Es fehlen weiterhin die Großmieter, die 5000 Quadratmeter und mehr abnehmen. Das trifft vor allem Neubauprojekte, die ohne einen solchen Großmieter unter Vertrag zu haben, in der Regel nicht starten. Entsprechend ist auch die aktuelle Bautätigkeit im Vergleich zum Vorjahr um über 50 Prozent eingebrochen, wie das Maklerunternehmen BNP Paribas Real Estate in seinem Büromarktbericht feststellt.
Dennoch setzen Projektentwickler offensichtlich auf das Prinzip Hoffnung – nämlich, dass sich in ein bis zwei Jahren die Lage bessert, Mieter wieder Büros suchen und sie dann die neuen Flächen möglichst schnell anbieten können.
Projektentwickler sichern sich mit Baugenehmigung schnelles Handeln
So hat erst kürzlich der angedachte Büropark „Beust“ an der Graf-Beust-Allee grünes Licht von den Genehmigungsbehörden bekommen. Auch dort geht es trotz aktueller Baukrise voran: Die Abbrucharbeiten auf dem ehemaligen Zechen-Gelände sollen noch in diesem Jahr starten und einem Campus mit 28.000 Quadratmetern Bürofläche Platz verschaffen.
Das Immobilienunternehmen Aurelis Real Estate aus Duisburg arbeitet ebenfalls weiter an seinen Neubauplänen an der Hachestraße. Diese sehen zwei Bürogebäude vor, in deren Mitte ein Parkhaus entsteht. Im ersten Schritt soll ein Bürohaus mit über 12.000 Quadratmetern Fläche errichtet werden, das sich unmittelbar an das GHotel anschließt. „Wir warten noch auf die Baugenehmigung“, sagt ein Sprecher auf Nachfrage. Einen Ankermieter hat jedoch auch Aurelis nach einem Jahr Suche noch nicht unter Dach und Fach.

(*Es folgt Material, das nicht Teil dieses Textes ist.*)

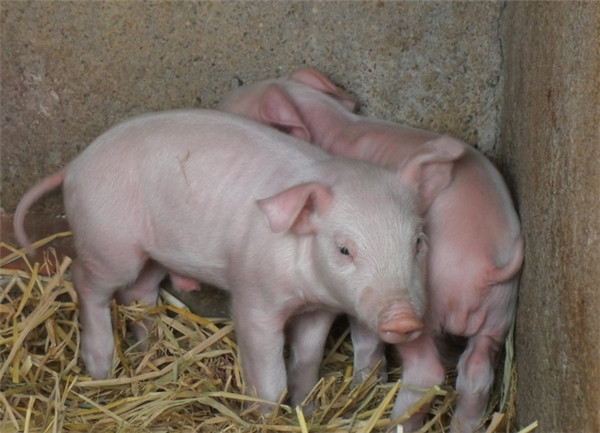仔猪流行性腹泻病毒可感染各年龄阶段的猪，为何仅新生仔猪的死亡率最高？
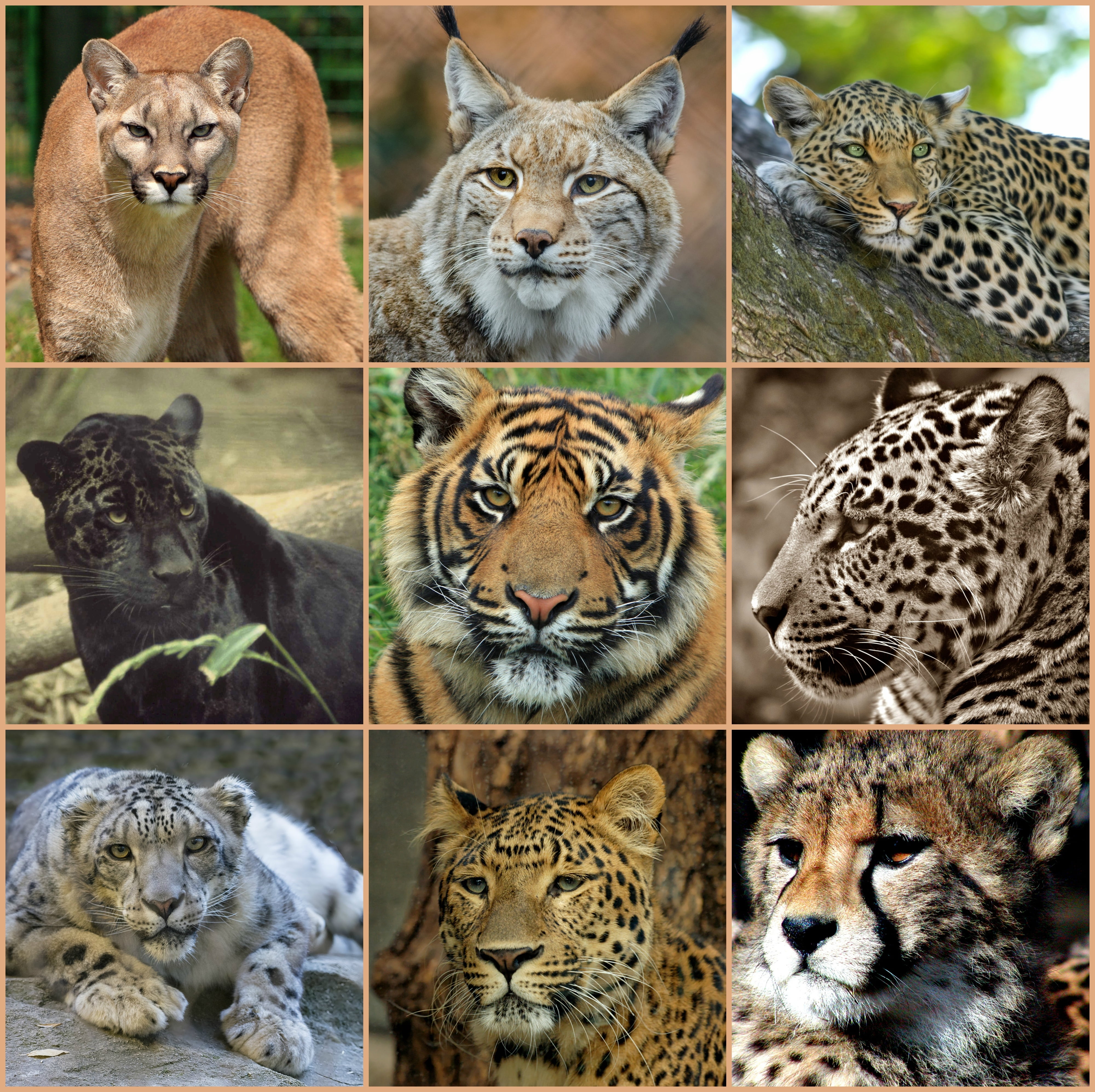 animal themes, types, whisker, collage, group of animals, no people, vertebrate, big cat, big cats, jaguar, wilderness, portrait, mammal, bobcat, safari, HD Wallpaper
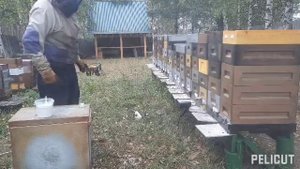 Обработка сублиматором,щавелевой кислотой.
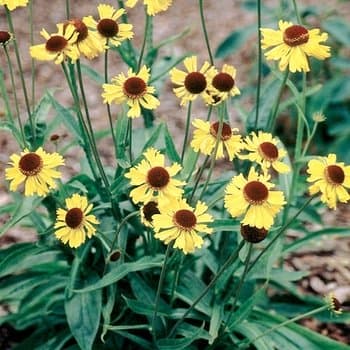 Sneezewort 'Tip Top'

Gespräche mit Interessenten aber liefen, heißt es.
Konzerne als Großmieter fehlen
Tobias Altenbeck, Immobilienmakler bei Brockhoff & Partner, sieht derweil noch einen anderen Grund, warum der Essener Büromarkt seit zwei Jahren so verhalten läuft: „In der Vergangenheit haben häufig die Konzerne für größere Anmietungen gesorgt“, meint er. Allerdings befänden sich einige davon weiter im Umbau. Andere wie RWE oder Aldi haben jüngst eigene Campus gebaut und vorerst keinen weiteren Platzbedarf. „Aber das dürfte sich auch wieder ändern“, ist Altenbeck zuversichtlich.
Altenbeck wie auch Büchte berichten unterdessen, dass es in den kommenden Monaten noch zu größeren Vertragsabschlüssen kommen könnte. Dabei spielt den Maklern in die Karten, dass Essen mit über sieben Prozent momentan einen vergleichsweise hohen Büroleerstand hat. Sollten sich die Hoffnungen erfüllen, könnte es für den Büromarkt insgesamt doch noch ein zumindest versöhnliches Jahr werden.